:: PROBLEM DETAILS ::
Within the listing below, give again exactly the lines between the one containing "Thein Sein Quotes: There" and the one containing "Canola Field Stock Photos", inclusive, pictures left aside.

:: SUPPLIED ENTRIES ::
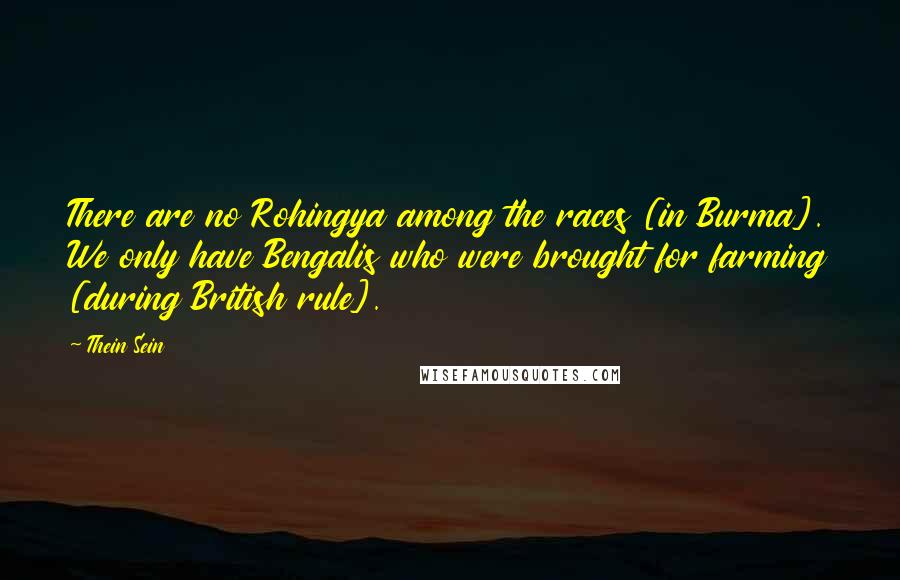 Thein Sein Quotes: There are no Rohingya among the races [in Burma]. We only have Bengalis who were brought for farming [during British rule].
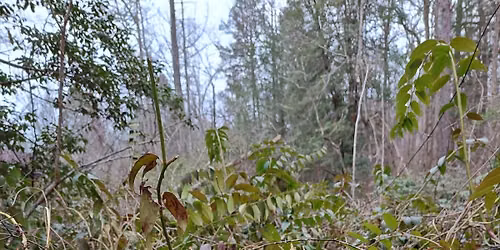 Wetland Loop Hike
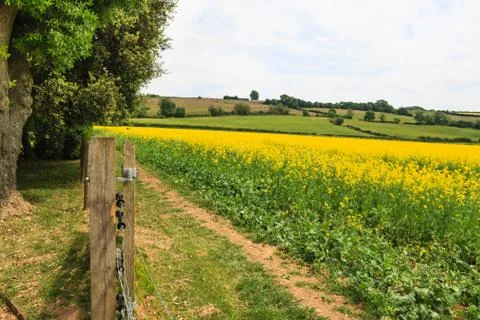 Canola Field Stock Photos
==
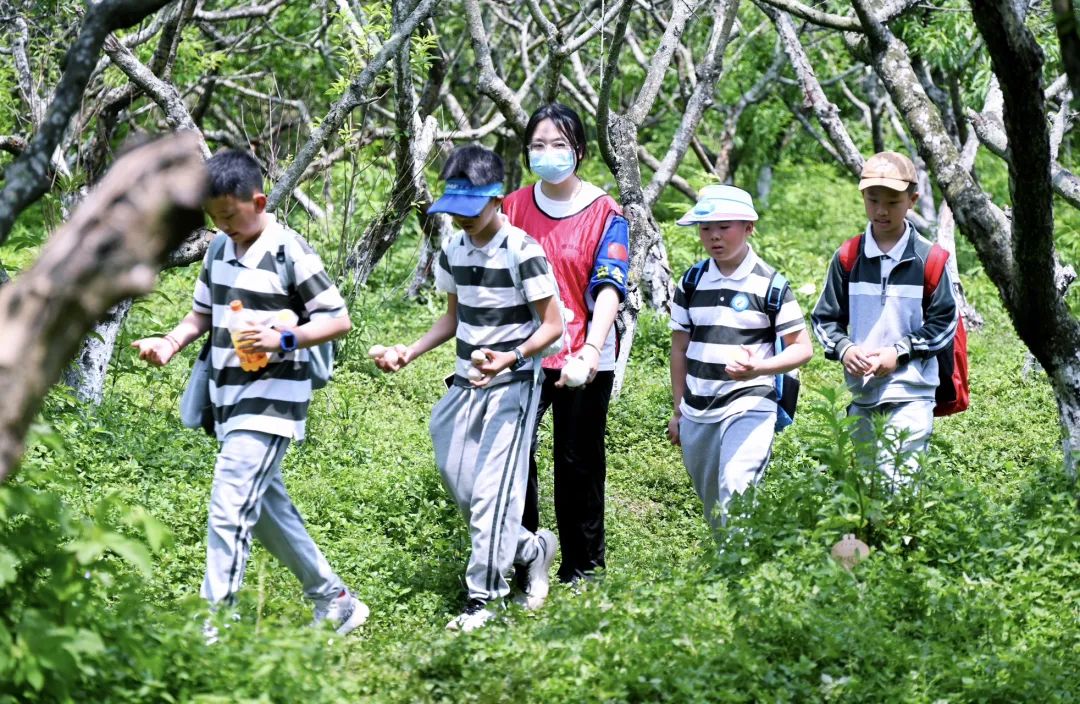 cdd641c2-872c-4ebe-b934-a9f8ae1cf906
...
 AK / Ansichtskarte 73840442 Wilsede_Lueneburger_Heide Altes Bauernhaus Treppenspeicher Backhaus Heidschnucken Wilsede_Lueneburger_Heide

:: TASK SOLUTION ::
 Thein Sein Quotes: There are no Rohingya among the races [in Burma]. We only have Bengalis who were brought for farming [during British rule].
 Wetland Loop Hike
 Canola Field Stock Photos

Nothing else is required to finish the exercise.